The future of power semiconductor device technology

Abstract

Power electronic systems have benefited greatly during the past ten years from the revolutionary advances that have occurred in power discrete devices. The introduction of power metal-oxide-semiconductor field-effect transistors (MOSFETs) in the 1970s and the insulated gate bipolar transistors (IGBTs) in the 1980s enabled design of very compact high-efficiency systems due to the greatly enhanced power gain resulting from the high input impedance of these structures. Recently, significant improvements in the performance of silicon-power MOSFETs has been achieved by using innovative vertical structures with charge coupled regions. Meanwhile, silicon IGBTs continue to dominate the medium- and high-voltage application space sue to scaling of their voltage ratings and refinements to their gate structure achieved by using very large scale integration (VLSI) technology and trench gate regions.
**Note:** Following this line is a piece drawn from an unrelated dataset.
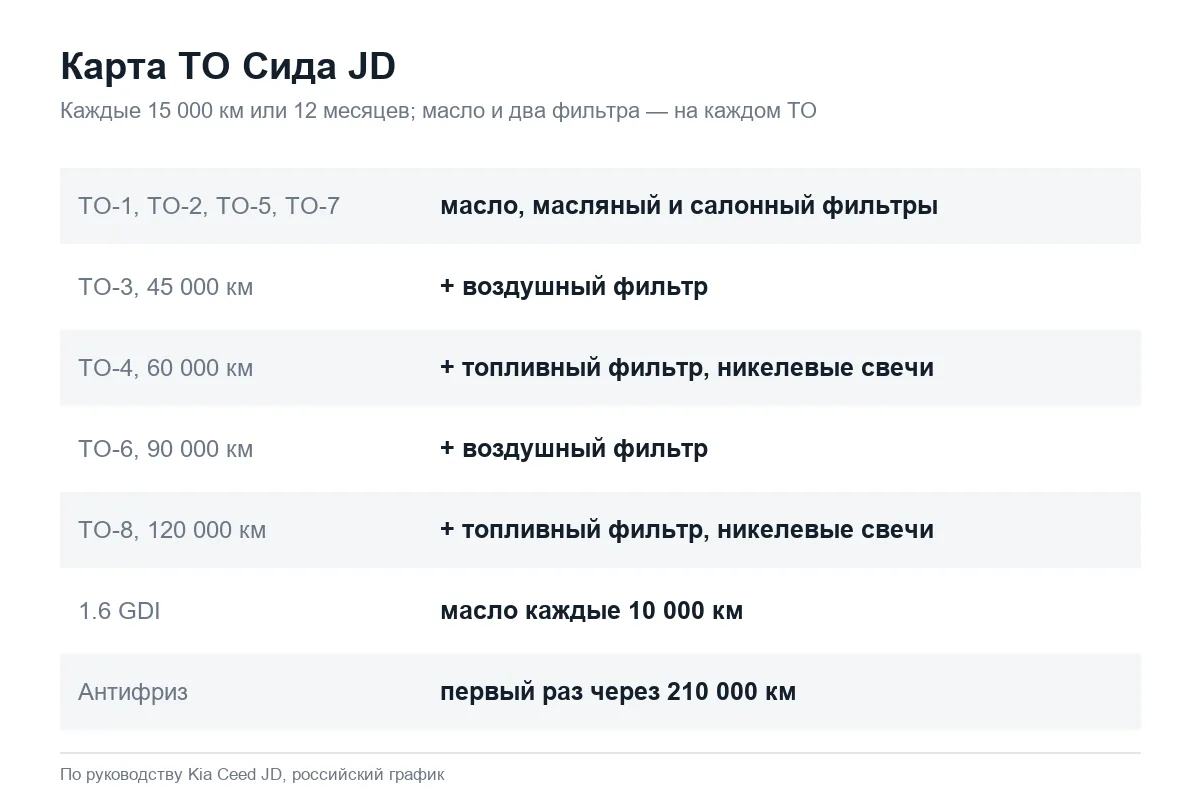 Регламент ТО Kia Ceed JD: что меняют на ТО-1–ТО-8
Research on a variety of MOS-gated thyristors has also been conducted, resulting in some promising improvements in the tradeoff between on-state power loss, switching power loss, and the safe-operating-area. Concurrent improvements in power rectifiers have been achieved at low-voltage ratings using Schottky rectifier structures containing trenches and at high-voltage ratings using structures that combine junction and Schottky barrier contacts. On the longer term, silicon carbide Schottky rectifiers and power MOSFETs offer at least another tenfold improvement in performance. Although the projected performance enhancements have been experimentally demonstrated, the defect density and cost of the starting material are determining the pace of commercialization of this technology at present.